_Available data:_
──────

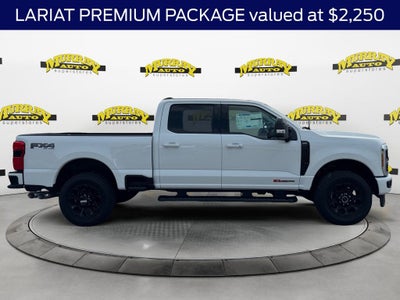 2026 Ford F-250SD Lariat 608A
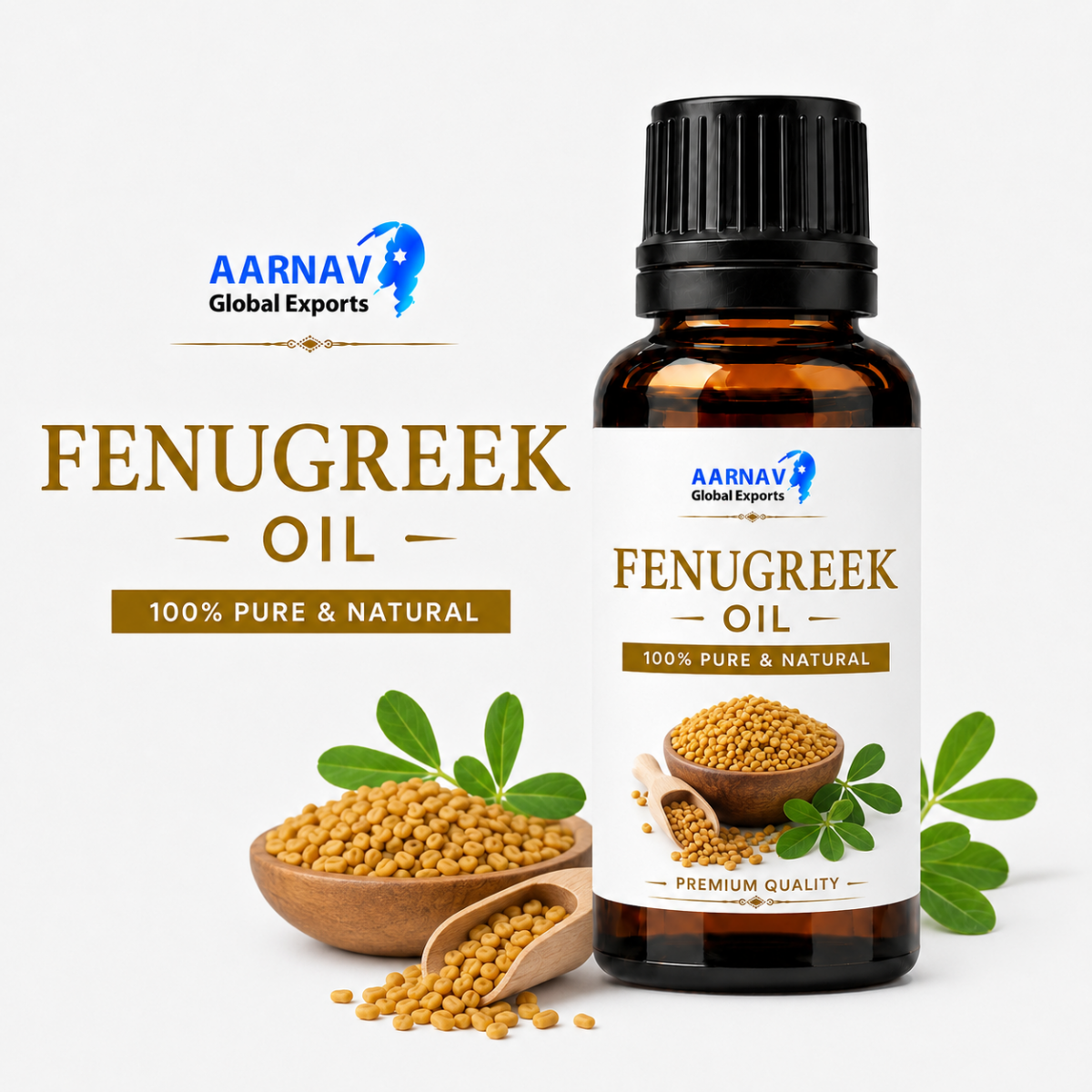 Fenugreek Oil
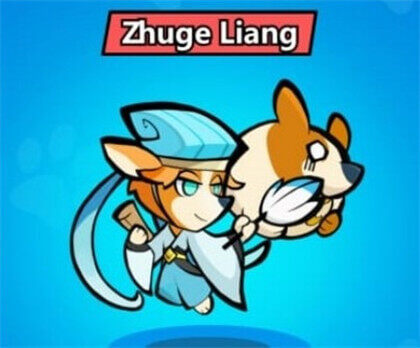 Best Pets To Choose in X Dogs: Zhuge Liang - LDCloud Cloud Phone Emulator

──────

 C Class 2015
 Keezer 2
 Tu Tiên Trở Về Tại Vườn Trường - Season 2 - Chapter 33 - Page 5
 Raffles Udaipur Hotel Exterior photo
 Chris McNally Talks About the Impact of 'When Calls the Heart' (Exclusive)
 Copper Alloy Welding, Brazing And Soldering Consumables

──────

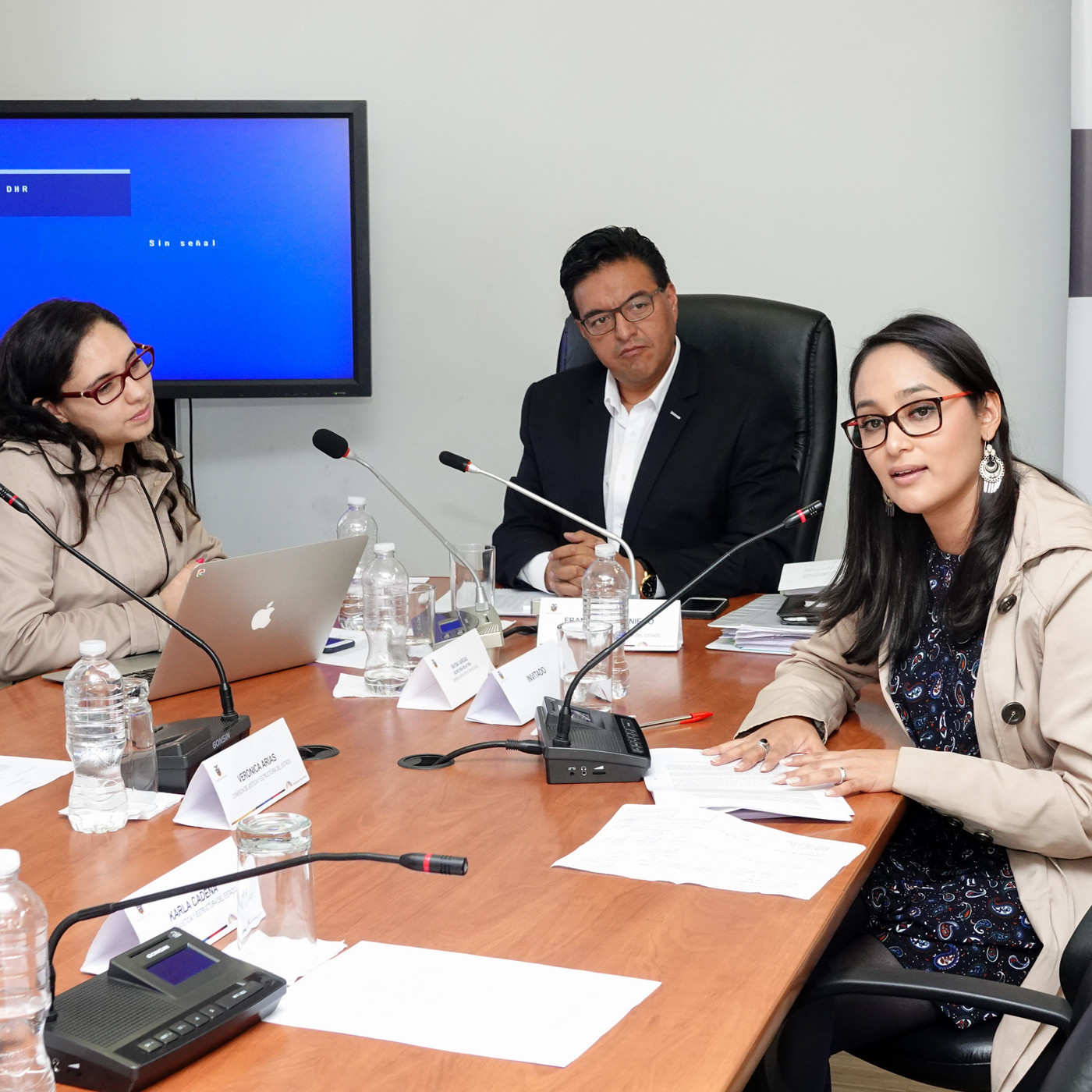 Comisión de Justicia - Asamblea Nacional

──────

_Your goal:_ Restate word for word the entries above, starting at the line with "Tu Tiên Trở" and ending at the line with "Copper Alloy Welding, Brazing", inclusive, and no others.

_Written solution:_
 Tu Tiên Trở Về Tại Vườn Trường - Season 2 - Chapter 33 - Page 5
 Raffles Udaipur Hotel Exterior photo
 Chris McNally Talks About the Impact of 'When Calls the Heart' (Exclusive)
 Copper Alloy Welding, Brazing And Soldering Consumables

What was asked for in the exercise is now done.